■ Your task: When you return the data, keep every word exact and include none of the images.
Information shown START
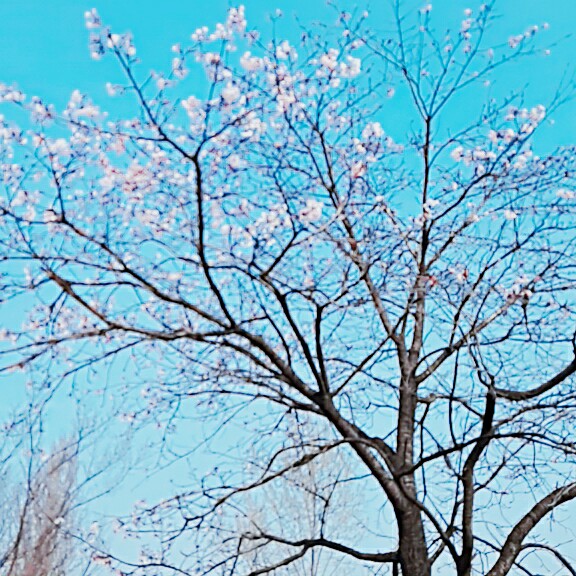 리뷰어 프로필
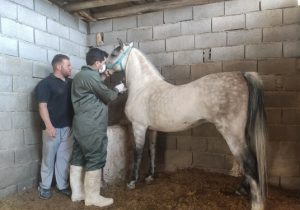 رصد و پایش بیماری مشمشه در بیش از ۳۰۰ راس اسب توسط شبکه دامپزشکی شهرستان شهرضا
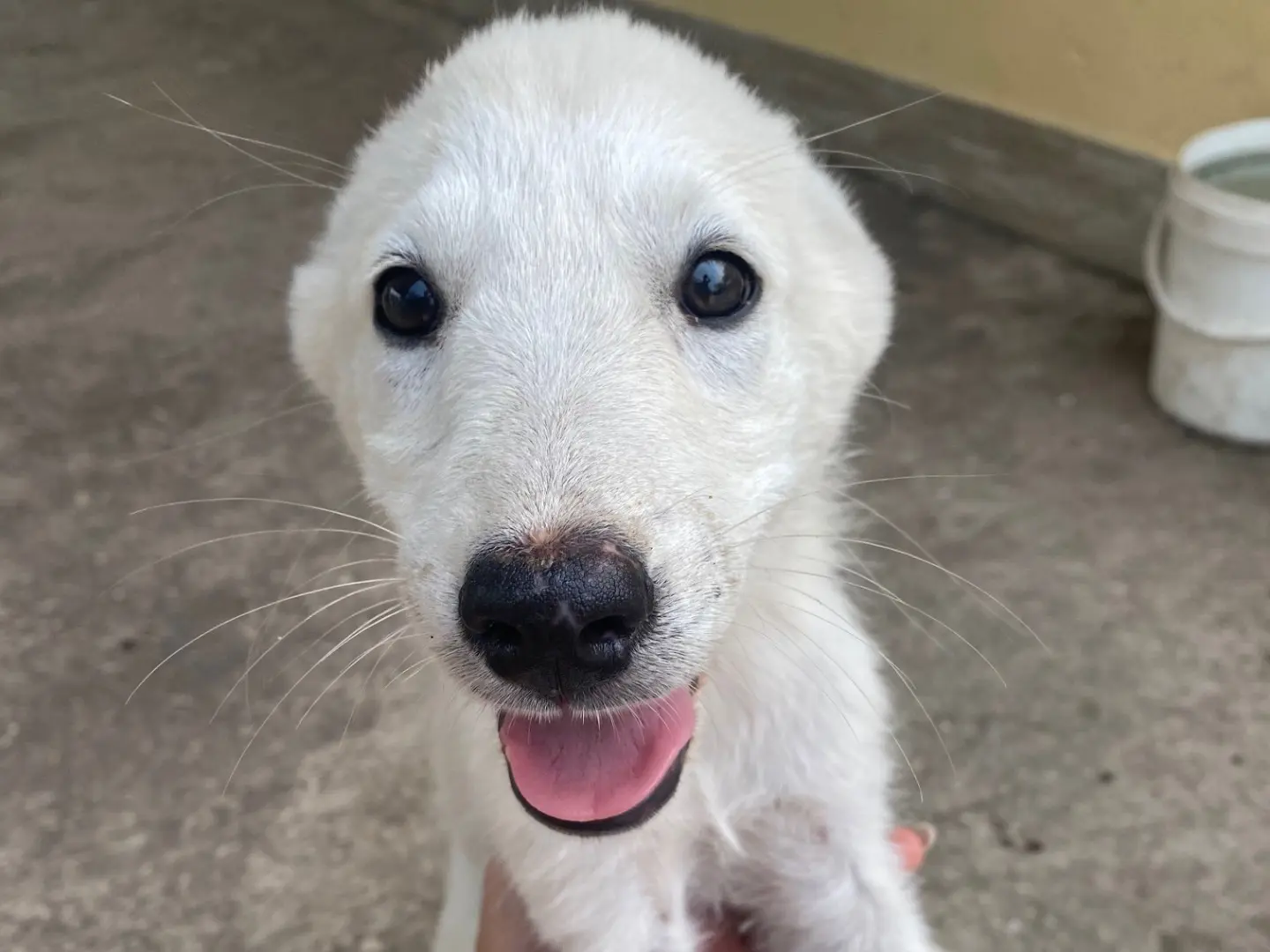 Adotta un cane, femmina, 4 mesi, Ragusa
Information shown END
■ Worked solution:
 리뷰어 프로필
 رصد و پایش بیماری مشمشه در بیش از ۳۰۰ راس اسب توسط شبکه دامپزشکی شهرستان شهرضا
 Adotta un cane, femmina, 4 mesi, Ragusa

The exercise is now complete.